Confused, she closed the door and locked it, again taking the box into the living room. Opening it, she was hit by the smell of fresh pizza which sat in a foil box; an envelope addressed to her stuck to it, and she opened it with a frown. Maybe Alecks had taken her words about needing to bake or starve to heart.

"I'm sure the hospital food wouldn't have tasted quite so bad if you were there to share it. I'm home now, though, and somehow the pizza already tastes better because I'm sharing it with you. Please call me, or at least answer your phone, Kaeden."

Maggie opened the foil box and found half a margarita pizza and half of a small loaf of garlic bread. She laughed and shook her head, picking up a piece and biting into it. 'Waste not want not,' she thought. It was the nicest thing she had tasted in weeks, and she took another large bite before picking up a smaller box, about the size of a shoebox that was nestled in with the foil box of food. She opened it and found a bear dressed as a world war one pilot with the bomber jacket, leather cap and goggles. Wiping her hands on the napkin thoughtfully provided, she picked it up and held it as she read the small card attached to it. "Talk to me, please, K."

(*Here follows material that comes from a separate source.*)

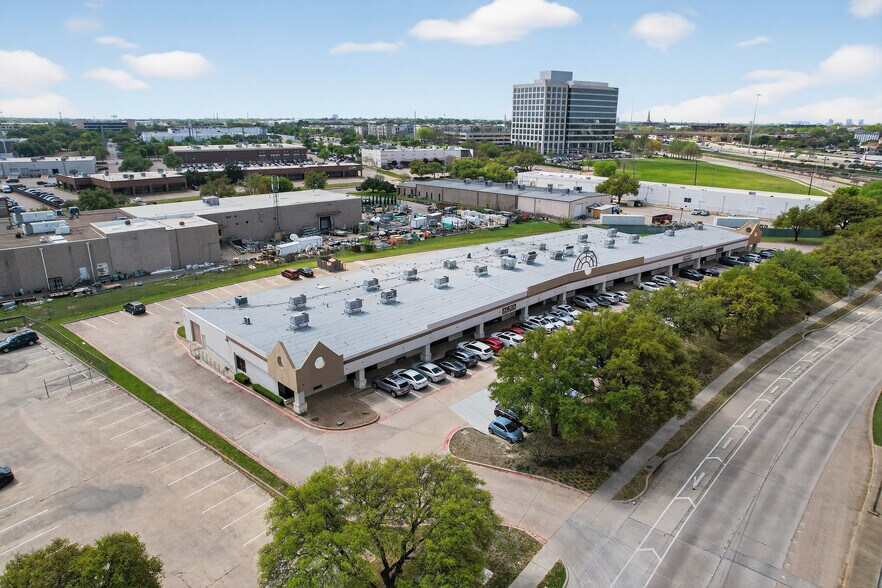 More Photos Of 1720-1748 N Greenville Ave, Richardson Light Manufacturing For Sale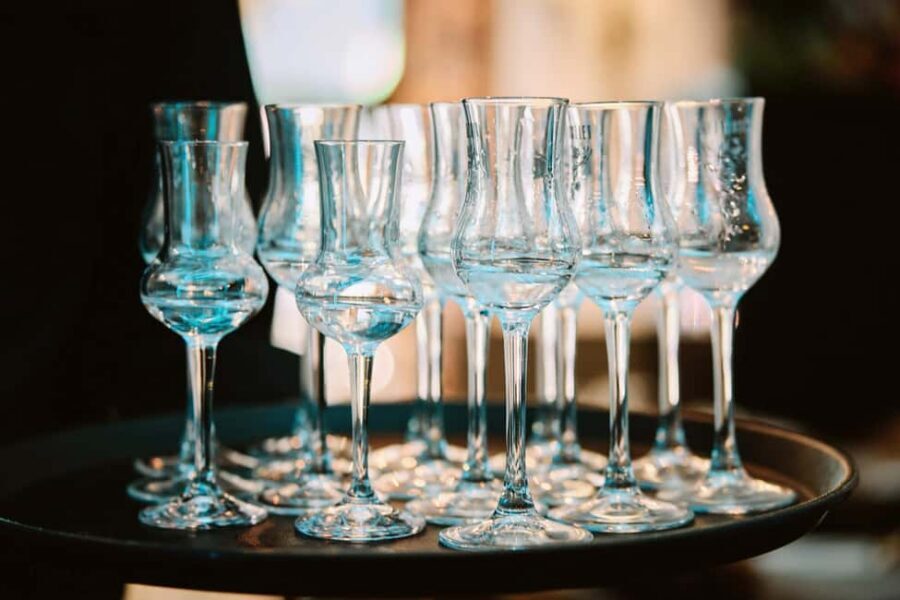 Guided Tipsy Food Tour with Drinks Included in Budapest - Should You Book This Budapest District 7 Tipsy Food Tour?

"You," she said to the bear, "I can talk to. Him," she tapped the card, "not so much." She picked up the pizza and took another bite. She knew she should at least thank him for the gifts, even if they were pity gifts for an ugly duckling who just happened to be awake when he crashed his plane. Sitting the bear on the couch beside her, she picked up her phone and turned it on. She saw how many missed called there was when it wouldn't stop buzzing. She read the texts first and then listened to the only message he had left, enjoying the sound of his smooth voice. The phone came to life in her hands, and she stared at it until it stopped, then she turned to the bear sitting beside her.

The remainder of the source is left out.